* **WHAT TO PRODUCE**
The expected result is a word-for-word copy of the entries, minus any pictures.

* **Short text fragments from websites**
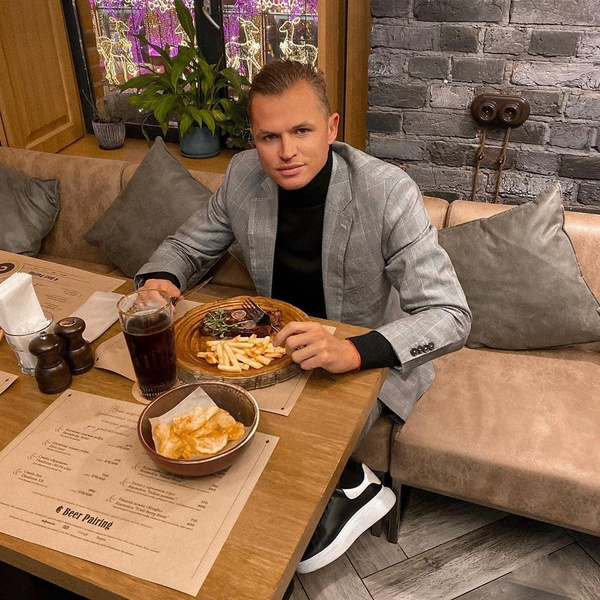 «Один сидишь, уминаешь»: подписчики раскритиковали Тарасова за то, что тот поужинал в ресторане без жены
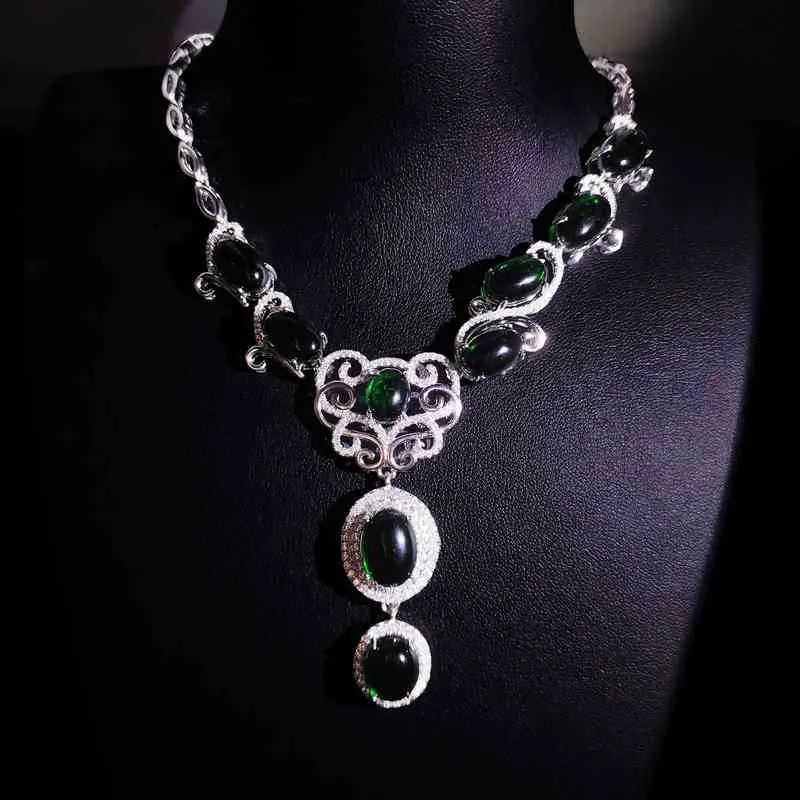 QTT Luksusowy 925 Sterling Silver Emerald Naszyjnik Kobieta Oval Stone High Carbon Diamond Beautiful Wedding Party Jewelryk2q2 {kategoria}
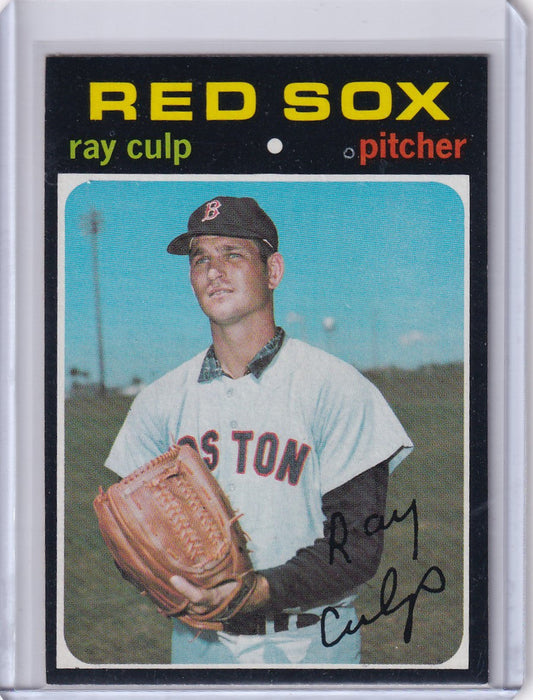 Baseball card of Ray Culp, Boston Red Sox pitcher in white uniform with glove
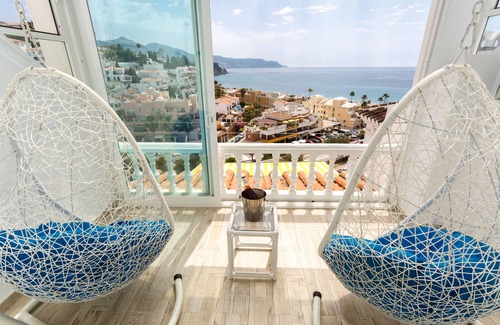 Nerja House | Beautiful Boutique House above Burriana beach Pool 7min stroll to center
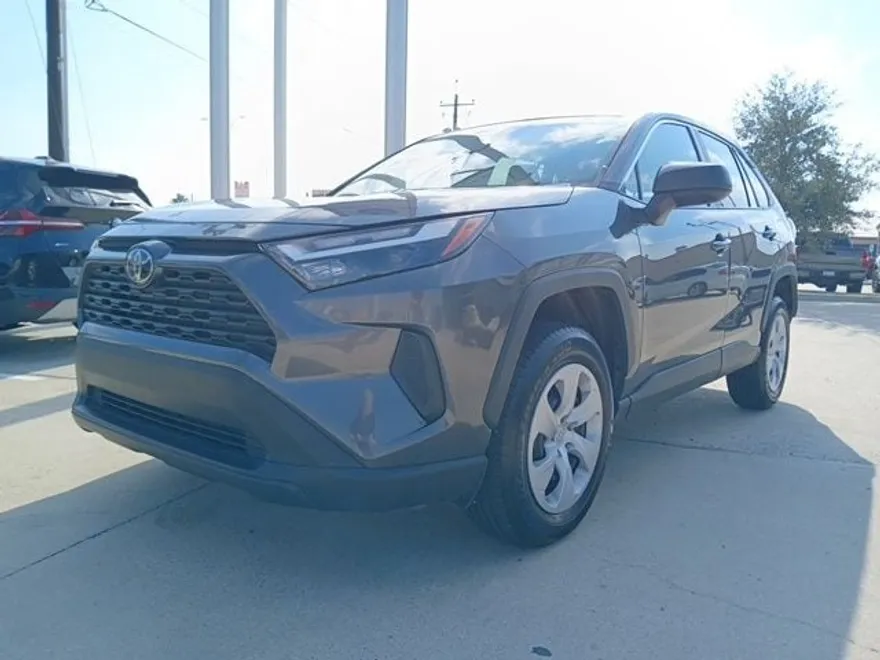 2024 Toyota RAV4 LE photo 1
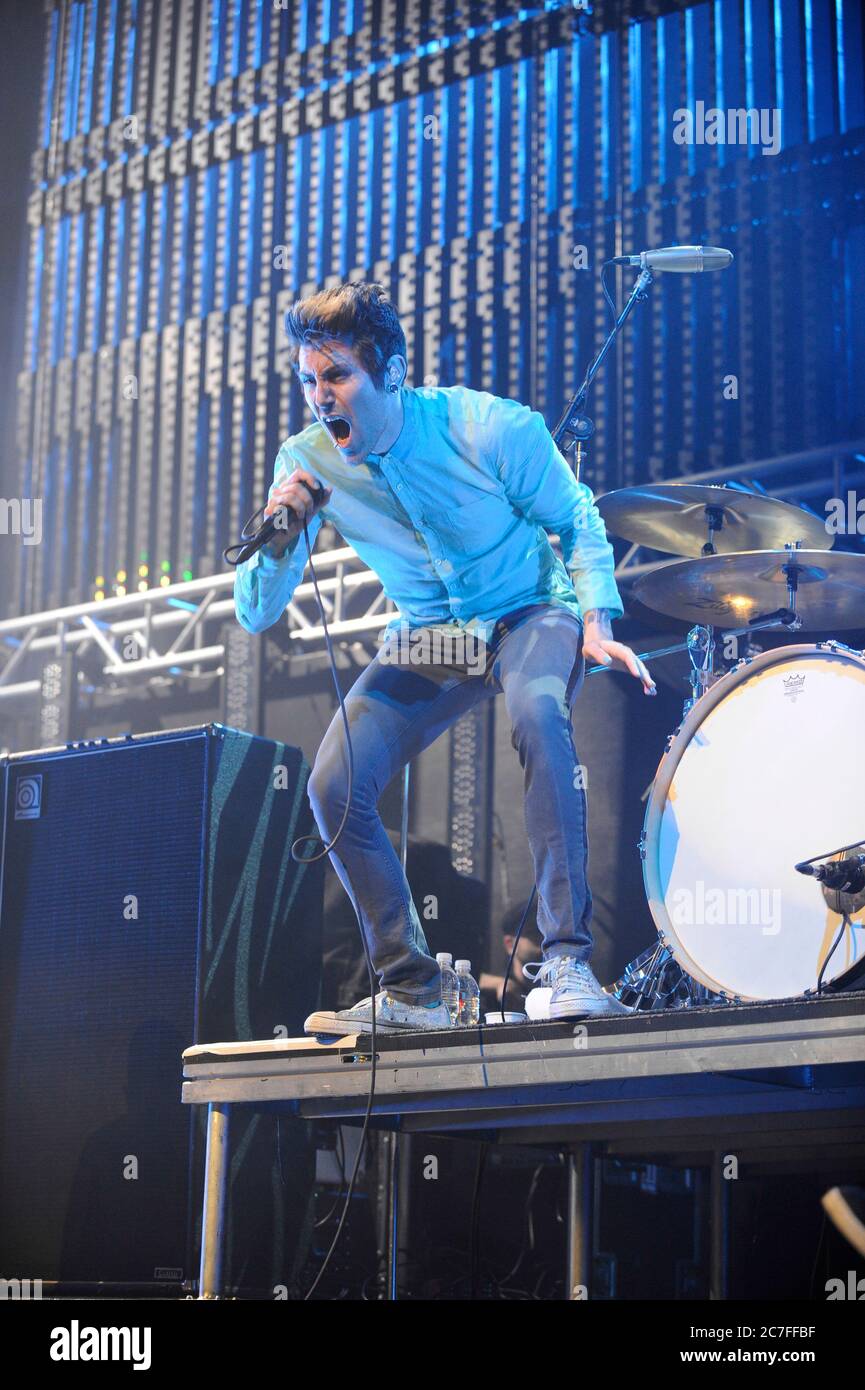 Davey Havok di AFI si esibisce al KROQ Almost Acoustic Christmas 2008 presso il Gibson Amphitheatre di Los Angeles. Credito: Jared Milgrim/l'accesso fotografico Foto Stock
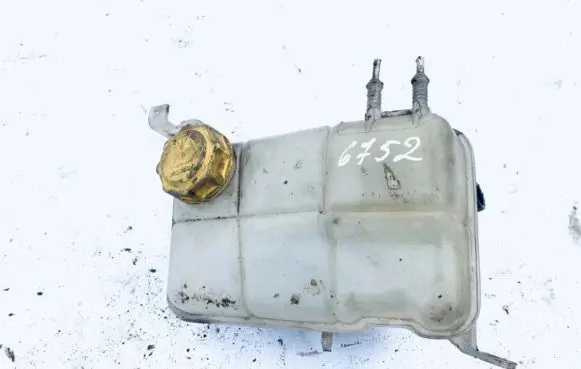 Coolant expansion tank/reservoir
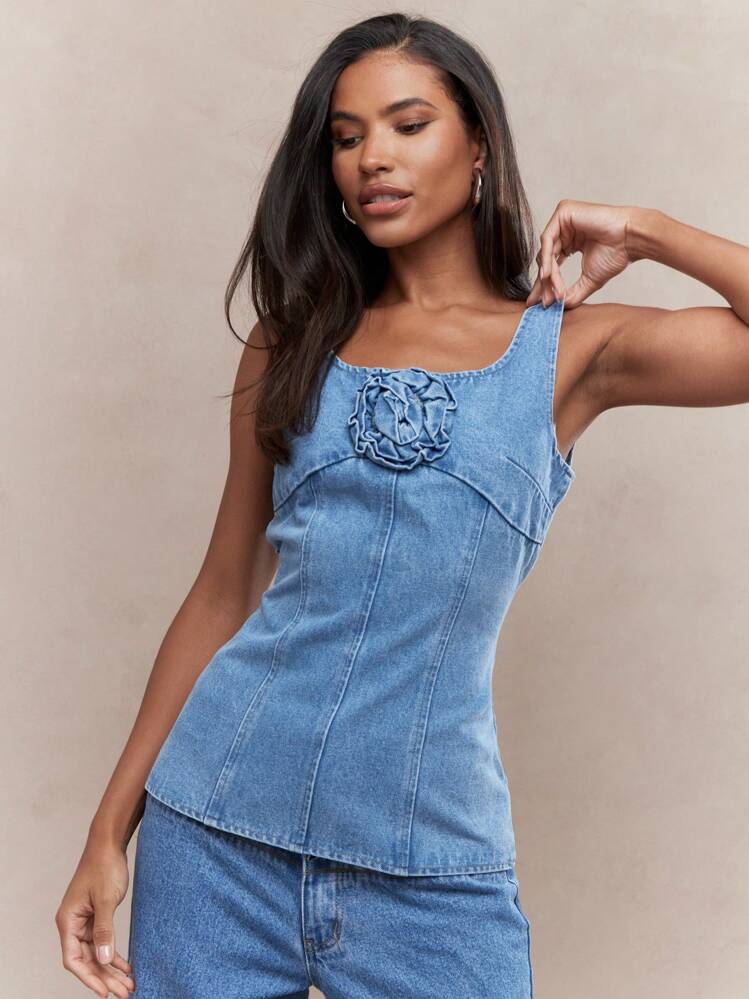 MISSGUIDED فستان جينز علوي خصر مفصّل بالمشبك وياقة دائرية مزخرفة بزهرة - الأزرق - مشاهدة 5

* **RESPONSE TO THIS EXERCISE**
 «Один сидишь, уминаешь»: подписчики раскритиковали Тарасова за то, что тот поужинал в ресторане без жены
 QTT Luksusowy 925 Sterling Silver Emerald Naszyjnik Kobieta Oval Stone High Carbon Diamond Beautiful Wedding Party Jewelryk2q2 {kategoria}
 Baseball card of Ray Culp, Boston Red Sox pitcher in white uniform with glove
 Nerja House | Beautiful Boutique House above Burriana beach Pool 7min stroll to center
 2024 Toyota RAV4 LE photo 1
 Davey Havok di AFI si esibisce al KROQ Almost Acoustic Christmas 2008 presso il Gibson Amphitheatre di Los Angeles. Credito: Jared Milgrim/l'accesso fotografico Foto Stock
 Coolant expansion tank/reservoir
 MISSGUIDED فستان جينز علوي خصر مفصّل بالمشبك وياقة دائرية مزخرفة بزهرة - الأزرق - مشاهدة 5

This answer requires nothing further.